Dos: a los dieciocho años llegaba, inexorable, la colimba. Le pasaba a todo el mundo que no fuera vagina-portante. Que a vos te convocaran en febrero de 1978, era tu problema. Que estuvieras al tanto de que dos colimbas, militantes de la Fede, habían desaparecido en 1977 desde el Colegio Militar, entonces al mando del futuro presidente Reynaldo Benito Bignone, no era más que otro dato que tenías para evaluar.
¿Entonces? ¿Te presentabas, o te convertías en desertor –cinco años de cárcel–, o bien te exiliabas? Otra vez: ¿Había que alertar a tus padres, que seguían sin tener ni puta idea de en qué diablos andabas metido?
Tres: unos meses después de la decisión número dos, vos haciendo guardia en algún puesto, ahora impreciso, del BIM 3 (Batallón de Infantería de Marina) de La Plata.
En tus manos el FAL, aquel fusil belga de los años cuarenta, que se trababa más veces de las que disparaba y que no hubiera servido, como de hecho no sirvió, para pelear ninguna guerra, ya no digamos ganarla.
En tu mente, la clara instrucción del zumbo (otra vez, para los no iniciados: “suboficial”): el milico primero dispara a matar, luego dispara al aire y luego grita “alto quién vive”. Cuando lo dijo, todos los colimbas que estábamos escuchando nos miramos y nos sonreímos. ¡Pero lo decía bien en serio! El orden inverso, digamos el orden normal y razonable, era para tiempos también normales y razonables, no para estos –aquellos–, en donde los subversivos podían venir en cualquier momento a tomar el cuartel. Qué pedazo de paranoia, la del zumbo, estarán pensando. Y estarán pensando bien. Pero, al mismo tiempo, era una paranoia verosímil: hacía relativamente poco que había ocurrido el asalto a Monte Chingolo y el copamiento de Azul (para los no iniciados: gugleen) y todavía faltaban años para la locura mayor de esos locos desquiciados que conservan, al día de hoy, en su cuenta política y sin saldar, la sangre derramada de tanta gente: el ataque a La Tablada en 1989.
Como fuera, ahí estabas vos, con tu fusil, con tu instrucción y con mucho tiempo para pensar. El tiempo detenido de una guardia: no hay nada más aburrido que una guardia. Llegado el caso, que nunca llegó (pero que no hace a la cuestión de la decisión que estoy contando, que es previa), ¿qué vas a hacer? ¿Vas a disparar o no vas a disparar? ¿Vas a matar o vas a morir?

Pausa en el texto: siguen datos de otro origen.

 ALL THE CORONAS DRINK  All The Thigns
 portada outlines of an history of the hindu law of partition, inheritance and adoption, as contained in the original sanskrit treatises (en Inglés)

Bastantes años después, en una discusión filosófica de borrachos, de esas que se dan a la madrugada, entre amigos, cuando todos han chupado y eso los lleva a discutir cualquier tema con vehemencia y a los gritos, se debatió si era preferible matar o morir. Matar, decían mis amigos. Morir, yo. Ah, pero no podés decir eso, porque no podés saber hasta que no estás en la situación. Ah, pero yo estuve en la situación, pelotudo, y decidí morir y lo recuerdo muy bien y además estoy orgulloso de esa decisión y no me vengan por favor con lo de la obediencia debida, que es la justificación de los pusilánimes. Seguramente no dije “pusilánimes”. Pero ahora me parece la palabra más apropiada.
Uno ha tenido extraños, retorcidos privilegios.